Now listen up.
That’s how Perry Marshall starts his email newsletters. And boy, have I listened up!
His book, 80/20 Sales and Marketing: The Definitive Guide to Working Less and Making More, is such an eye-opening book. It’s filled with so many expansive ideas that when I page back to what I have underlined, it’s all underlined!
For years, management people have known about the 80/20 concept. Also known as the Pareto Principle, it was named after an Italian economist who in 1906 showed that 80 percent of his country’s wealth was owned by 20 percent of its citizens. In the late 1990s, Richard Koch reintroduced Pareto’s work with the bestselling The 80/20 Principle: The Secret to Achieving More with Less, which applied the principle to just about everything. So I’ve known for a long time that 80 percent of sales will come from 20 percent of the customers, 80 percent of the time we wear 20 percent of our clothes, and 80 percent of the wear on my carpets is found on 20 percent of them.

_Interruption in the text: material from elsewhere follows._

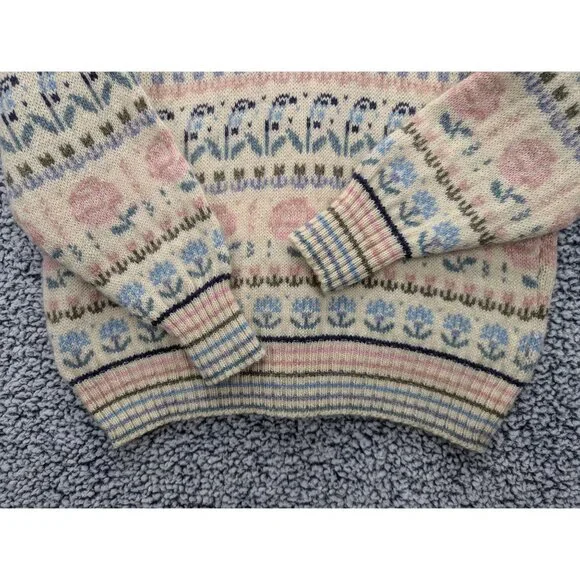 VTG Lady Clansman Cardigan Womens M Floral Grandma Cottagecore Scottish Wool - Picture 7 of 10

Then Marshall expanded the concept into fractals, pointing out if 20 percent of your customers account for 80 percent of sales, then 20 percent of those customers will account for 80 percent of those sales. He then goes on to show the mind-boggling implications this has for sales.

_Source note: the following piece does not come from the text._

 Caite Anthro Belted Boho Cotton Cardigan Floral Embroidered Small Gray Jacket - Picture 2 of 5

What does that mean for your business? First, look closer and see if 20 percent of your customers account for 80 percent of your profits. You might be more than surprised. A core group of customers might represent close to 100 percent of your profits.
Now think about all of the ways that 80/20 can apply to your business. For example, let’s say you’re an owner of a small native plant nursery. You decide to set up an online store, to make your hard-to-find native plants more widely available.

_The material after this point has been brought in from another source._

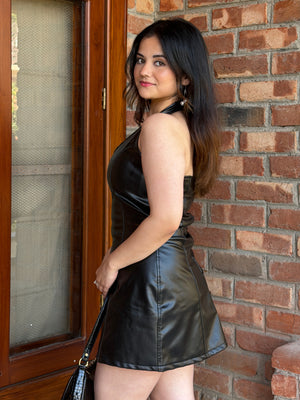 TANDUL Women Stunning Black Leather Dress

You keep prices down and charge extra for shipping. But getting live plants delivered fast and in good shape does not come cheap.
After being in business two months, you take a close look at the results. Your company is selling an average of 3.5 orders per day, and each sale averages $200. For every order placed, there are three abandoned carts—online sales that are not completed—which would bring in $50 each.
You’re curious. What happened to those sales? To find out, you email the shoppers who abandoned their carts. You offer a discount for completing the sale. Two months later, you have no bites, only one reply from a shopper who backed out of the order. The shipping cost, he said, was too high.
Four important points related to the 80/20 Principle
Several things are going on here, and the 80/20 view helps us sort out important takeaways.
- Gardeners who are ordering native plants online are looking for high quality, unusual plants that they can’t find near their homes. There will be a percentage of these gardeners who don’t mind spending money to get what they want. Others will be very cost conscious. Takeaway: 20 percent of the gardeners will provide 80 percent of your revenue, so focus on reaching them and increasing their numbers.
- Your plants are high quality and unusual varietals not widely available. Since your target customer is a gardener who wants these plants and isn’t making a decision based on price, you can charge more for them. For sake of simplicity, let’s say each of your plants are $13.50 each and the average cost of shipping each plant is $2.75 (which adds 20 percent to the cost of the plant). Why not make each plant $16.25, which covers the cost to you of shipping? If the 20 percent who make small orders and are shopping on price decide not to make a purchase, it’s better for you, because your company saves money by avoiding processing a lot of small orders. Takeaway: The 20 percent of your shoppers who spend the least money usually cause the most problems which is more customer service which causes you to lose money.
- You can encourage your higher order customers to buy even more by offering them free shipping on orders over $100. In order to get the free shipping the mid-range customer will increase their spending to over $100.00 to get the free shipping. Takeaway: Reward your best customers, which moves others into the higher level of spending to get the best deal. Encourage and reward the top 20 percent, not the bottom 20 percent.
- By continuing to tweak your online marketing, you will have high dollar amount orders coming in from a consistent percentage of visitors and you can now spend time on increasing traffic to your site. Takeaway: Your revenue from the 20 percent of the highest revenue shoppers will increase at the same rate as your increasing website traffic. That’s the beauty of a high conversion rate.
Eye-opening, right? I encourage you to read Marshall’s book cover to cover and sign up for his various mailing lists. Expect me to write more on using this principle to target your most valuable customers and focus on keeping them happy, and getting more customers like them. When you do that, you stop spinning your wheels—and get more bang for your buck.
What ways do you see this 80/20 principle working for you? I want to hear your stories and thoughts.